■ Data supplied ■
++++++++

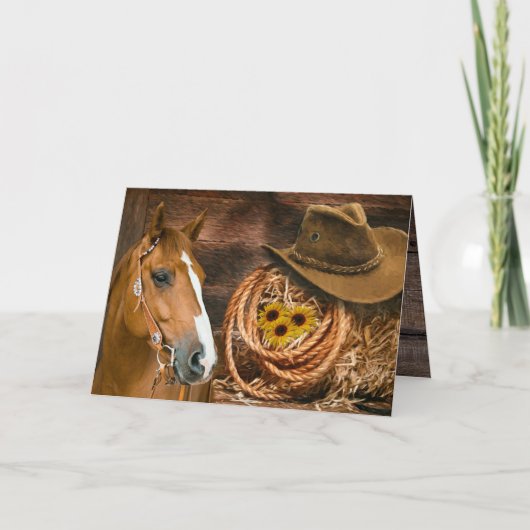 Westerne paarse cowboy Pet Lasso Sunflower Note Ca Notitiekaartje (Voorkant)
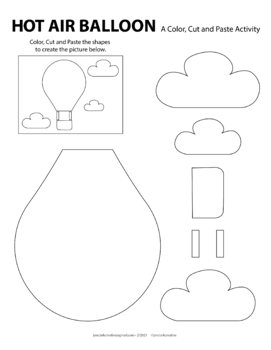 Preview of Hot Air Balloon - A Color, Cut and Paste Activity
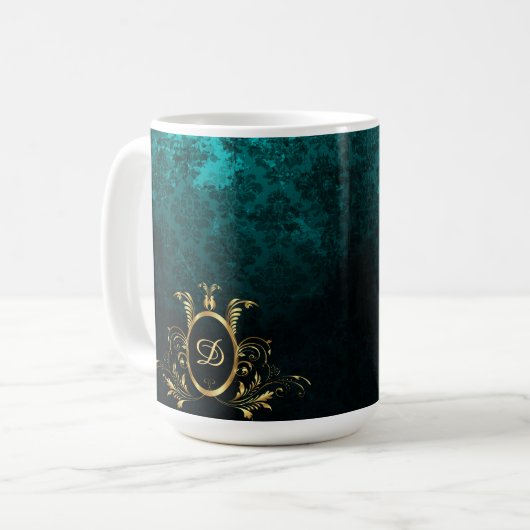 Mug Cadres en or damassé personnalisé (Devant gauche)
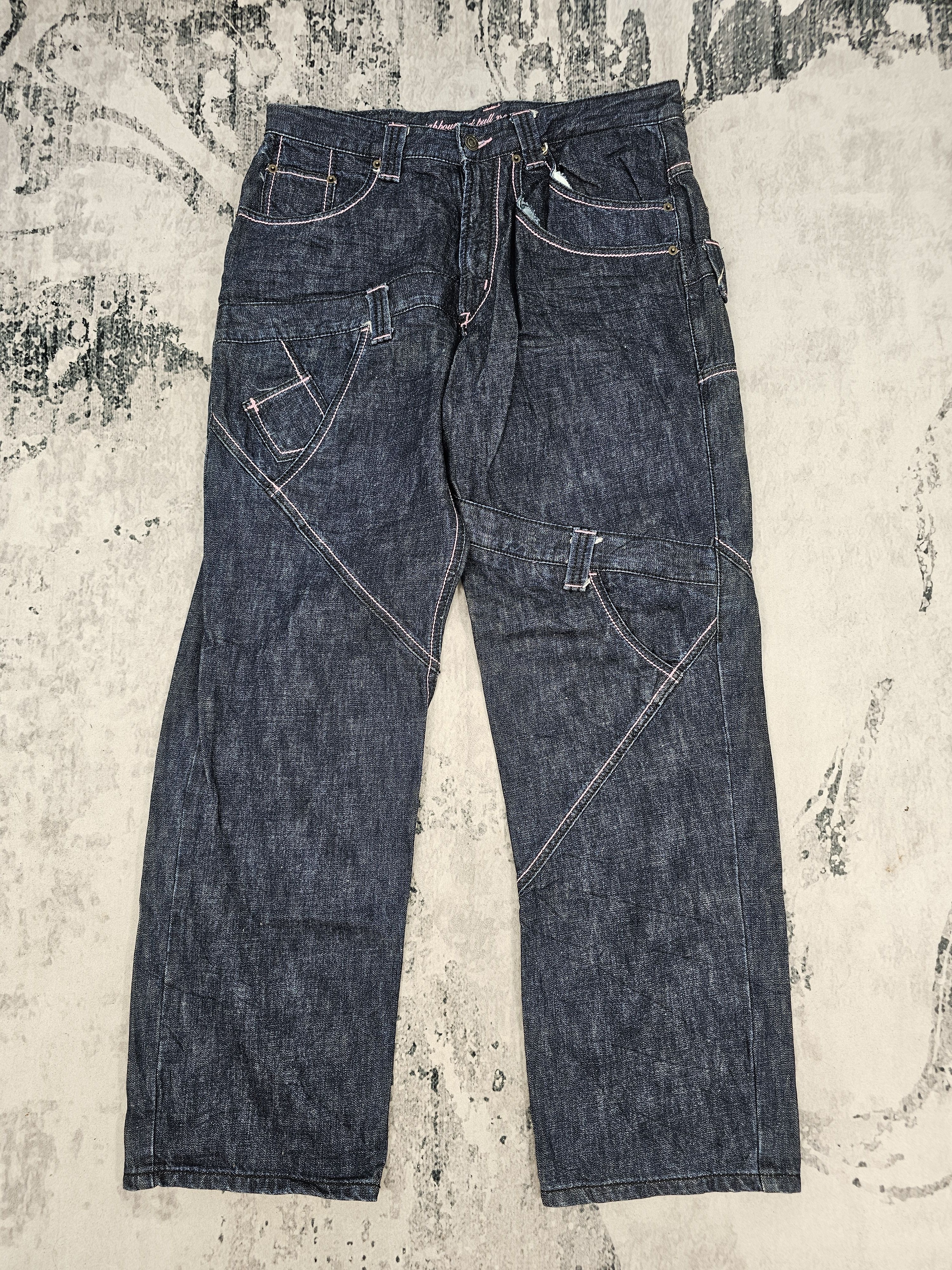 Japanese Brand BRUCE-PEE Crazy Multi Pockets Punk Design Jeans JB0282 Size US 33 - 1 Thumbnail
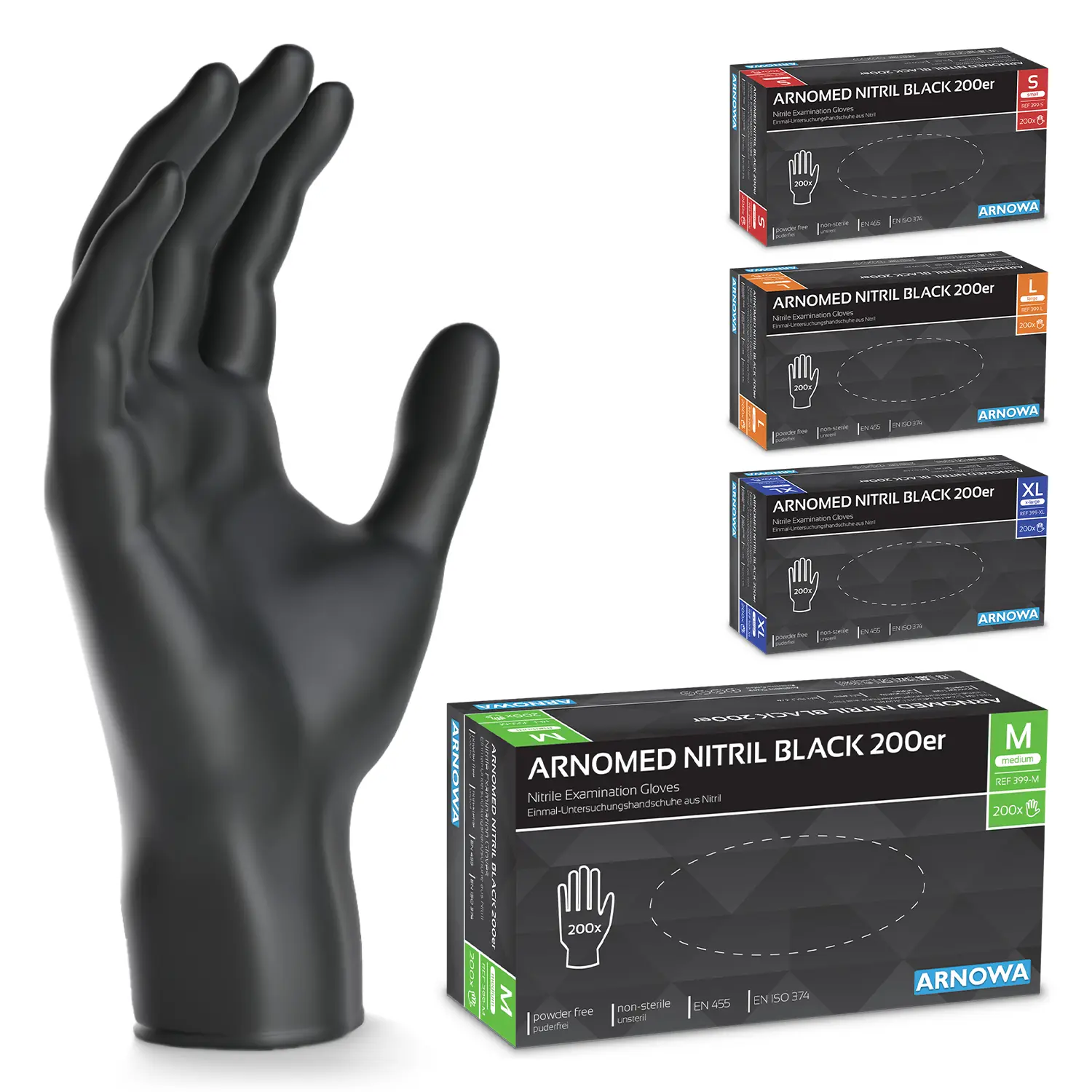 ARNOMED CLASSIC NITRIL BLACK 200er Nitrilhandschuhe schwarz puderfrei aus Nitril, latexfrei, Einmal-Untersuchungshandschuhe für Medizin, Pflege, Labor, Kosmetik und Lebensmittelverarbeitung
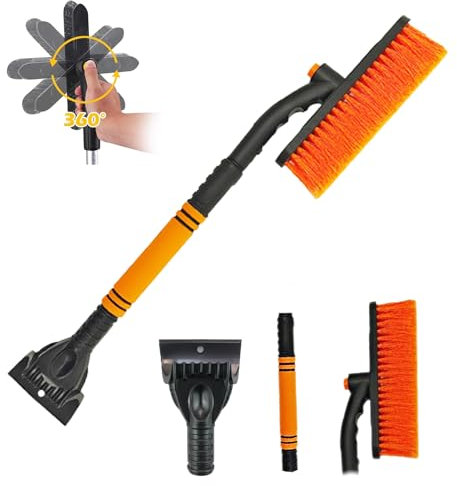 magnetspiele Eiskratzer Auto mit Besen, Auto Eiskratzer Schneebürste, Auto Abnehmbarer Eiskratzer, 2 in 1 Auto Eiskratzer Reinigungsbürste Werkzeug zur Schneeräumung (A)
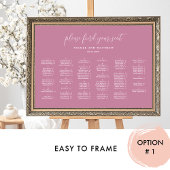 Elegante roze alfabetische bruiloft zitgrafiek poster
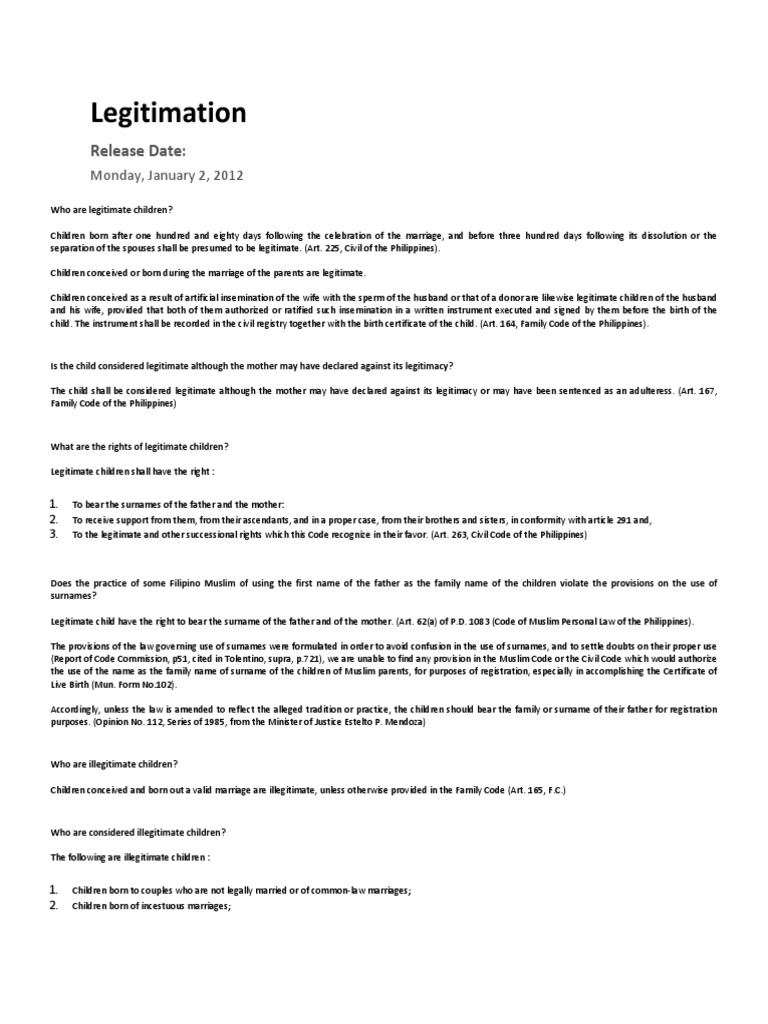 Legitimation | PDF | Birth Certificate | Legitimacy (Family Law)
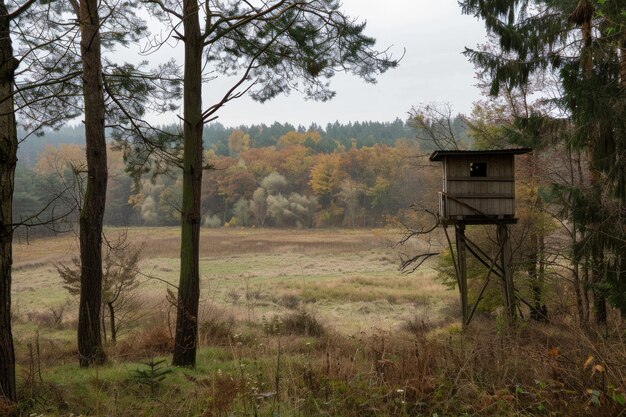 Hunting lookout at the edge of the forest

++++++++

■ Task to complete ■
If an entry contains a picture, leave it out and repeat the rest exactly.

■ Solution ■
 Westerne paarse cowboy Pet Lasso Sunflower Note Ca Notitiekaartje (Voorkant)
 Preview of Hot Air Balloon - A Color, Cut and Paste Activity
 Mug Cadres en or damassé personnalisé (Devant gauche)
 Japanese Brand BRUCE-PEE Crazy Multi Pockets Punk Design Jeans JB0282 Size US 33 - 1 Thumbnail
 ARNOMED CLASSIC NITRIL BLACK 200er Nitrilhandschuhe schwarz puderfrei aus Nitril, latexfrei, Einmal-Untersuchungshandschuhe für Medizin, Pflege, Labor, Kosmetik und Lebensmittelverarbeitung
 magnetspiele Eiskratzer Auto mit Besen, Auto Eiskratzer Schneebürste, Auto Abnehmbarer Eiskratzer, 2 in 1 Auto Eiskratzer Reinigungsbürste Werkzeug zur Schneeräumung (A)
 Elegante roze alfabetische bruiloft zitgrafiek poster
 Legitimation | PDF | Birth Certificate | Legitimacy (Family Law)
 Hunting lookout at the edge of the forest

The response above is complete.